Sunday, June 15, 2014

Making a Career with my Words

Usually when I assess my career goals I end up with the same goal: I want to make a career with my words. There is something exciting about manipulating words on the page (or screen) that I love. The more people I talk to people who make a living writing, the more possible my dreams become.

I find my research as a student often leads into research in life. My interest in interviews as a medium for crafting the Slave Narratives and as a source for gathering information complements my interests in crafting narratives through interviews in my career. It's only natural that my interest in words would mingle old traditions with newer ones and lead me to want to use my voice both on the page and on the mic. 

Which came first?

When I was a teenager, my friend Alicia and I decided we were going to be rappers. We didn't say we wanted to try to be rappers, just that we were going to be rappers. Our manager was a good friend, Peace. She didn't know much about the music industry but Peace is a natural advocate. If there was any negotiation involved, we needed her on our side. 

We found a studio in Philadelphia and when we rehearsed our lines, we went to make a demo. 

"What track is this going to?"The engineer asked.

It turns out we weren't prepared. We thought it was his job to find out about music, copyrights and anything else we needed to know. 

He popped in some generic music and we put rhyme to beat. In the almost 20 years since making that demo I've listened to it probably once. 

One day we decided we were no longer rappers.

Since then I have worked as an accidental professional voice-over artist and now I want to do it on purpose.  Crafting a career with my words can include on the page and on the mic. A few weeks ago I went to a studio to make a professional demo. Before arriving the producer asked me to find four types of scripts and to practice them. I went to the studio much more prepared than I did in the past and so far, I've listened to the demo three times. Now to send it out.

Want to listen? Here it is courtesy of VoiceOvers-UK

Thursday, June 12, 2014

My TEDx Tips: What I Learned in My TEDx Talk


A few months ago, I was nominated to give a TEDx talk at Lancaster University.   I had watched TED speakers engage, entertain and enlighten audiences for years. The opportunity to present a talk on a platform I admired was as exciting as I imagine it will be to be listed on the New York Times Best Seller’s list.

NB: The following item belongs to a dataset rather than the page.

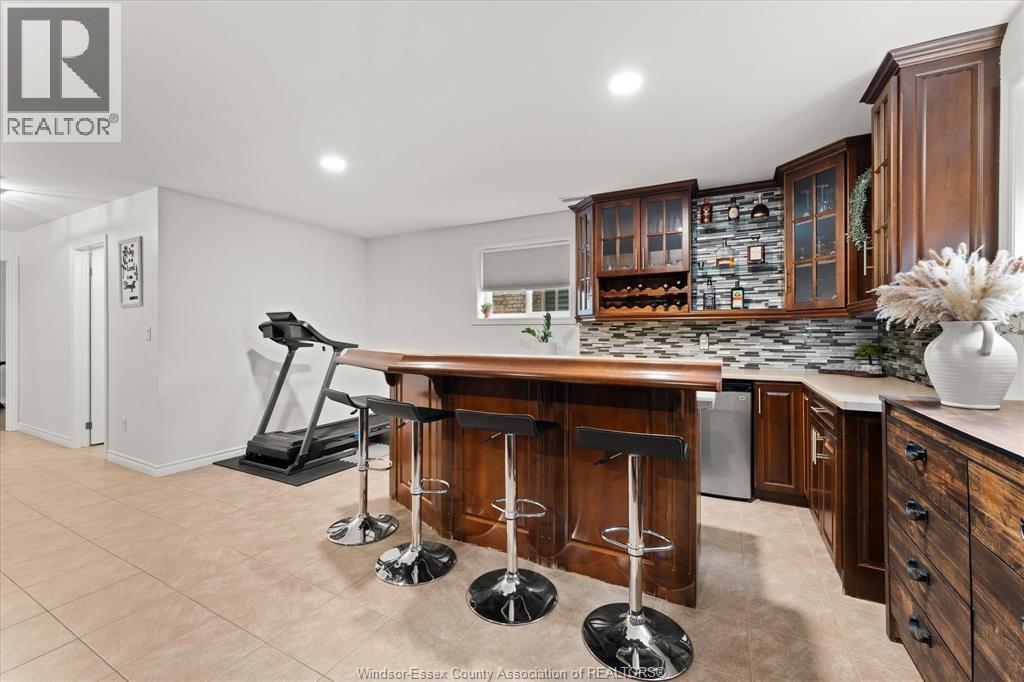 163 ANTONIO COURT - 22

 It wasn’t until my nomination was approved and I was offered the opportunity to speak that my excitement turned in to something as close to panic as I get.

What would I talk about?

While I was pursuing my Master’s at Johns Hopkins I attended a class in Florence, Italy.  I was writing a novel at the time. The novel was problematic. There were three main characters in varying degrees of relationships with one another. The complication as I saw it was that none of the characters wanted to be in a relationship. The complication according to Professor Perlman was that all of the characters were me.

He didn’t say that.

“Who are the main characters?” he asked. “And what does she want?”
If my life is my story and I’m the main character, what do I want?
Plotting my life reminds me to look for solutions to obstacles; that I have goals, and that the supporting characters in my life have motivations other than mine; it helps me to recognize and create opportunities; to forgive myself and others and to appreciate the beauty in revising.

How could I motivate and inspire others to be the main characters in their own lives?
Before I created an outline of the points I wanted to touch on, I spoke my talk out loud. Picturing my audience as I spoke reminded me to inflect, make eye contact and use body language. But at first my view of my audience was too large. I pictured an audience of people I didn’t know, mixed with people I did: coworkers, colleagues and family. My imaginary auditorium was filled with faces with different expectations. Would I say something that could embarrass my mother?

My talk was personal. Were there things in my story that would reflect negatively on other characters in my life? I kept practicing. I plucked familiar faces from my mind and when I practiced I talked to an audience of people who didn’t know me. Picturing a room full of strangers allowed me to share the idea and passion I wanted to share.


If you spend too much time worrying about what people who aren’t there will think, you’ll miss out on sharing valuable ideas with people who are.